# Import Library

In [1]:
import numpy as np
import os
import networkx as nx
from tensorflow.keras.utils import to_categorical
from sklearn.preprocessing import LabelEncoder
from sklearn.utils import shuffle
from sklearn.metrics import classification_report
from scipy.linalg import fractional_matrix_power

from tensorflow.keras.models import Model
from tensorflow.keras.layers import Dropout, Dense
from tensorflow.keras import Sequential, Input
from tensorflow.keras.optimizers import Adam
from tensorflow.keras.callbacks import TensorBoard, EarlyStopping
import tensorflow as tf
from tensorflow.keras.regularizers import l2

from collections import Counter
from sklearn.manifold import TSNE
import matplotlib.pyplot as plt

from layers import GraphConv

#### Configs

In [2]:
DATA_PATH = '../Datasets/cora/'
SEED = 42

channels = 16
dropout = 0.5
l2_reg = 5e-4
learning_rate = 1e-2
epochs = 200
es_patience = 10

# Cora Dataset 

In [3]:
all_data = []
all_edges = []

for root, dirs, files in os.walk(DATA_PATH):
    for file in files:
        if '.content' in file:
            with open(os.path.join(root, file), 'r') as f:
                all_data.extend(f.read().splitlines())
        elif '.cites' in file:
            with open(os.path.join(root, file), 'r') as f:
                all_edges.extend(f.read().splitlines())
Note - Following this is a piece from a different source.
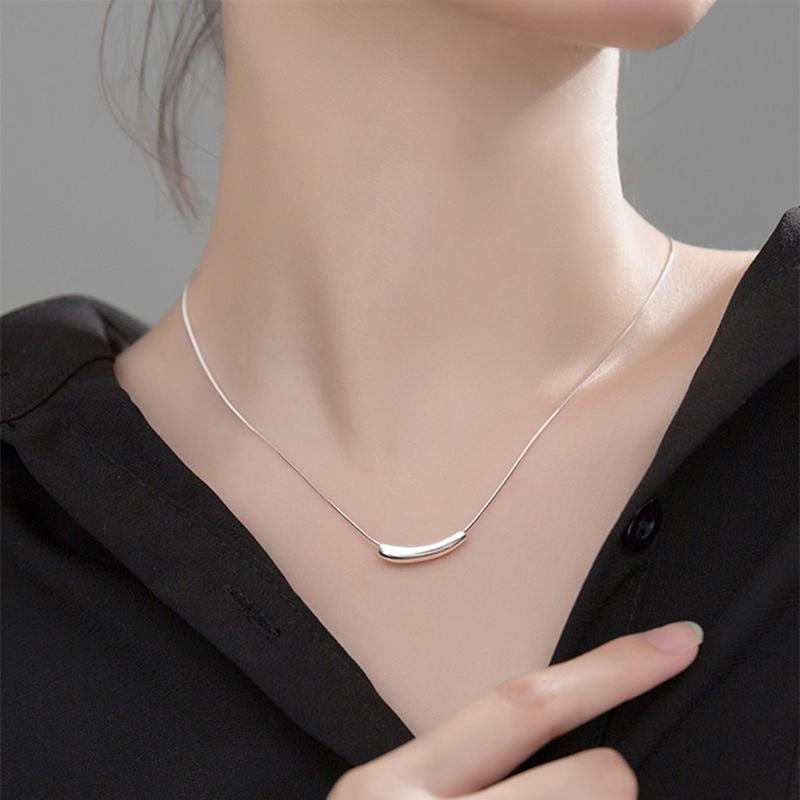 KISSFOO Stainless Steel Mini Eggplant Collarbone Necklace for Women Daily Accessories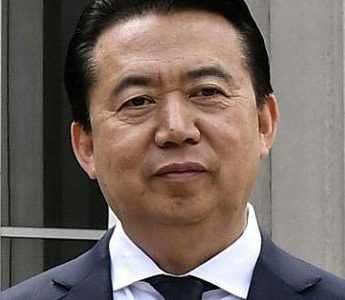 INTERPOL President Meng Hongwei poses during a visit to the headquarters of International Police Organisation in Lyon, France, May 8, 2018. (Reuters photo)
all_data = shuffle(all_data, random_state=SEED)

cora.content
1. Node ID
2. Node Feature
3. Node Label

cora.cites

(a, b)

a : ID of the paper being cited

b : the paper containing the citation

In [4]:
labels = []
nodes = []
X = []

for i, data in enumerate(all_data):
    elements = data.split('\t')
    labels.append(elements[-1])
    X.append(elements[1:-1])
    nodes.append(elements[0])
    
X = np.array(X, dtype=int)
N = X.shape[0]
F = X.shape[1]
print(f'LOG >>> X shape: {X.shape}')

LOG >>> X shape: (2708, 1433)


In [5]:
edge_list = []

for edge in all_edges:
    e = edge.split('\t')
    edge_list.append((e[0], e[1]))
    
print(f'LOG >>> Number of Nodes N : {N}')
print(f'LOG >>> Number of Features F of each node : {F}')
print(f'LOG >>> Categories :\n{set(labels)}')
num_classes = len(set(labels))
print(f'LOG >>> Number of classes : {num_classes}')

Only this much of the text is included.